We define the columns types for schema and StructuredDataset.

superset_cols = kwtypes(Name=str, Age=int, Height=int)
subset_cols = kwtypes(Age=int)

We define two tasks, one returns a pandas DataFrame and the other a FlyteSchema. Flyte serializes the DataFrames to an intermediate format, a parquet file, before sending them to the other tasks.

@task
def get_df(a: int) -> Annotated[pd.DataFrame, superset_cols]:
    """
    Generate a sample dataframe
    """
    return pd.DataFrame({"Name": ["Tom", "Joseph"], "Age": [a, 22], "Height": [160, 178]})


@task
def get_schema_df(a: int) -> FlyteSchema[superset_cols]:
    """
    Generate a sample dataframe
    """
    s = FlyteSchema()
    s.open().write(pd.DataFrame({"Name": ["Tom", "Joseph"], "Age": [a, 22], "Height": [160, 178]}))
    return s

Next, we define a task that opens a structured dataset by calling all(). When we invoke all(), the Flyte engine downloads the parquet file on S3, and deserializes it to pandas.dataframe.

Note

  • Despite the input type of the task being StructuredDataset, it can also accept FlyteSchema as input.

  • The code may result in runtime failures if the columns do not match.

@task
def get_subset_df(df: Annotated[StructuredDataset, subset_cols]) -> Annotated[StructuredDataset, subset_cols]:
    df = df.open(pd.DataFrame).all()
    df = pd.concat([df, pd.DataFrame([[30]], columns=["Age"])])
    # On specifying BigQuery uri for StructuredDataset, flytekit writes a pandas dataframe to a BigQuery table
    return StructuredDataset(dataframe=df)

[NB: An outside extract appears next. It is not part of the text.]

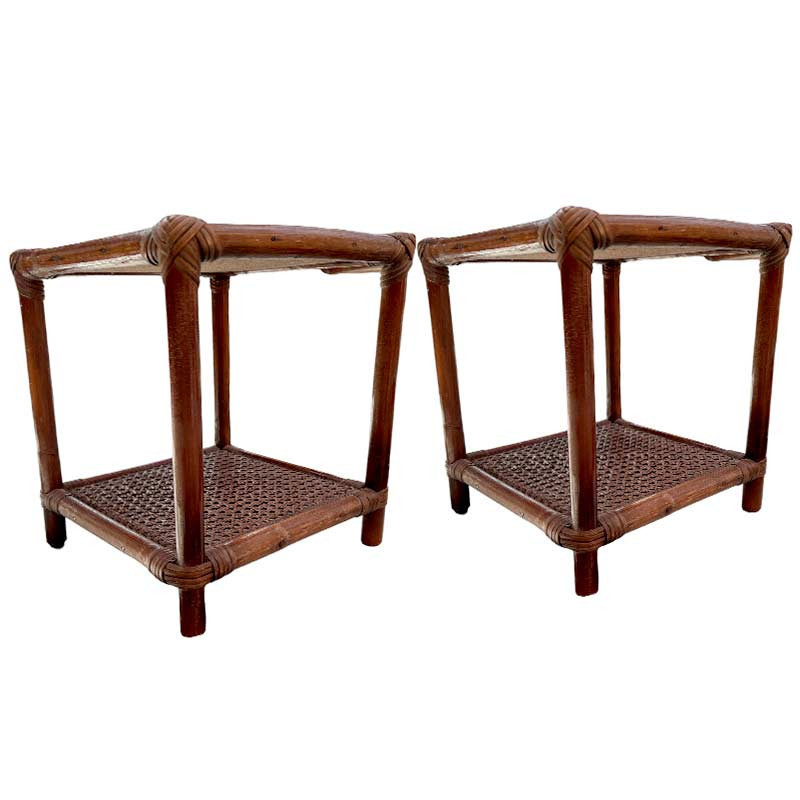 Paire de petites tables d'appoint ou de chevet en rotin tressé de couleur brun foncé fin des années 70'.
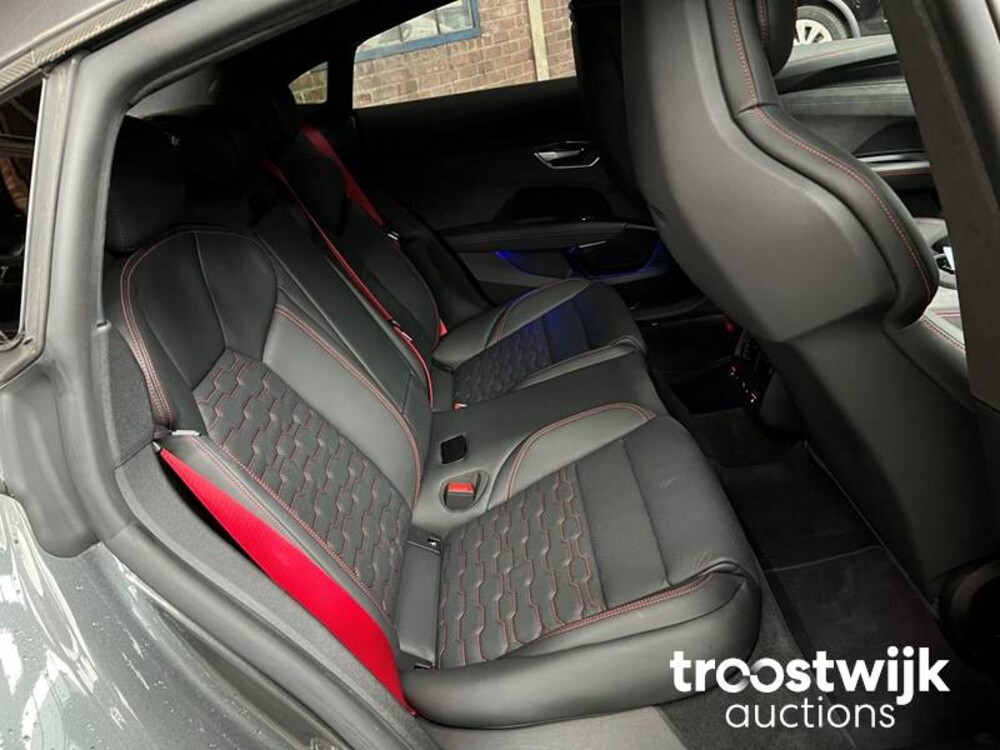 Audi e-tron GT RS 93 kWh 598 PS 2021, L-203-RD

StructuredDataset with uri Argument#

BigQuery uri allows you to load and retrieve data from cloud using the uri. The uri comprises of the bucket name and the filename prefixed with gs://. If you specify BigQuery uri for StructuredDataset, BigQuery creates a table in the location specified by the uri. The uri in StructuredDataset reads from or writes to S3, GCP, BigQuery, or any storage. Let’s understand how to convert a pandas DataFrame to a BigQuery table and vice-versa through an example.

Before writing DataFrame to a BigQuery table,

  1. Create a GCP account and create a service account.

  2. Create a project and add the GOOGLE_APPLICATION_CREDENTIALS environment variable to your .bashrc file.

  3. Create a dataset in your project.

Import the dependencies.

import pandas as pd  # noqa: E402
from flytekit import task  # noqa: E402
from flytekit.types.structured import StructuredDataset  # noqa: E402

Define a task that converts a pandas DataFrame to a BigQuery table.

@task
def pandas_to_bq() -> StructuredDataset:
    # create a pandas dataframe
    df = pd.DataFrame({"Name": ["Tom", "Joseph"], "Age": [20, 22]})
    # convert the dataframe to StructuredDataset
    return StructuredDataset(dataframe=df, uri="bq://sample-project-1-352610.sample_352610.test1")

Note

The BigQuery uri’s format is bq://<project_name>.<dataset_name>.<table_name>.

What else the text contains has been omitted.